(Input records Opens)
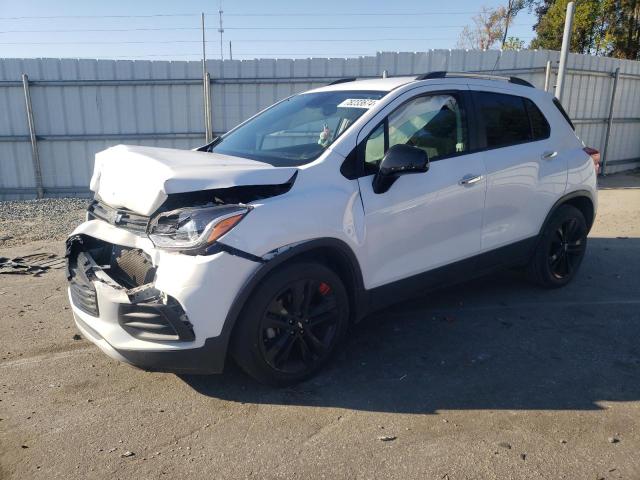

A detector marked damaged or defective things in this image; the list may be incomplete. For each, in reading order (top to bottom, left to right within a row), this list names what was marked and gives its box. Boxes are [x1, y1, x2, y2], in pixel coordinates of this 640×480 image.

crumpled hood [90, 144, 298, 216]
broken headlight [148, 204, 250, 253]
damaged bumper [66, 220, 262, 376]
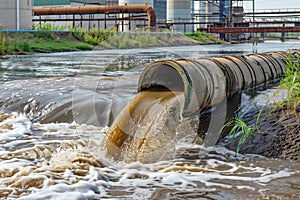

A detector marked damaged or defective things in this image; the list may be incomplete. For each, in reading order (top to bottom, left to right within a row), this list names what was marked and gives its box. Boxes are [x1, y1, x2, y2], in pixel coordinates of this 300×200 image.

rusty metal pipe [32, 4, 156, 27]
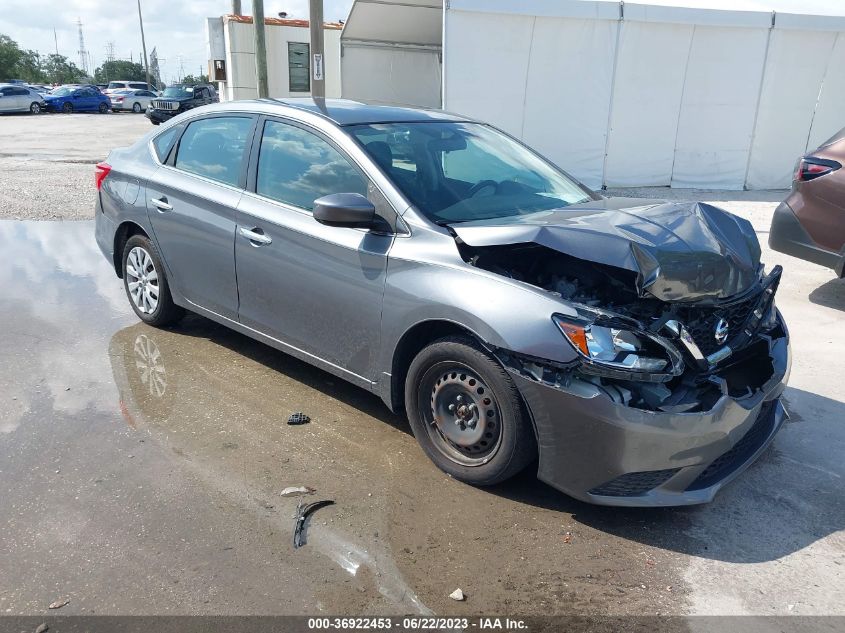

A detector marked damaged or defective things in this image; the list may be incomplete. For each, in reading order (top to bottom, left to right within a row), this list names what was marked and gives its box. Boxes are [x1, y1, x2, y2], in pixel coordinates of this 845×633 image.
(Input records Closes)
■ **Your objective**
In your answer, repeat the material above in full, exactly, and without its pictures.

■ **Response**
A detector marked damaged or defective things in this image; the list may be incomplete. For each, in reading order (top to bottom, left to right within a row), this list names what was marked and gives its box. Boxes are [x1, y1, x2, y2], in pixel coordinates of this 640×480 image.

crumpled hood [90, 144, 298, 216]
broken headlight [148, 204, 250, 253]
damaged bumper [66, 220, 262, 376]

A detector marked damaged or defective things in this image; the list may be incomplete. For each, in reading order (top to bottom, left to right within a row), this list names what was marked and gives its box. Boxes are [x1, y1, x2, y2], in pixel coordinates of this 300×200 image.

rusty metal pipe [32, 4, 156, 27]

A detector marked damaged or defective things in this image; the list may be incomplete. For each, in reading order (top to bottom, left to right within a row), this list names what was marked and gives its box. Boxes are [x1, y1, x2, y2], in pixel coordinates of this 845×633 image.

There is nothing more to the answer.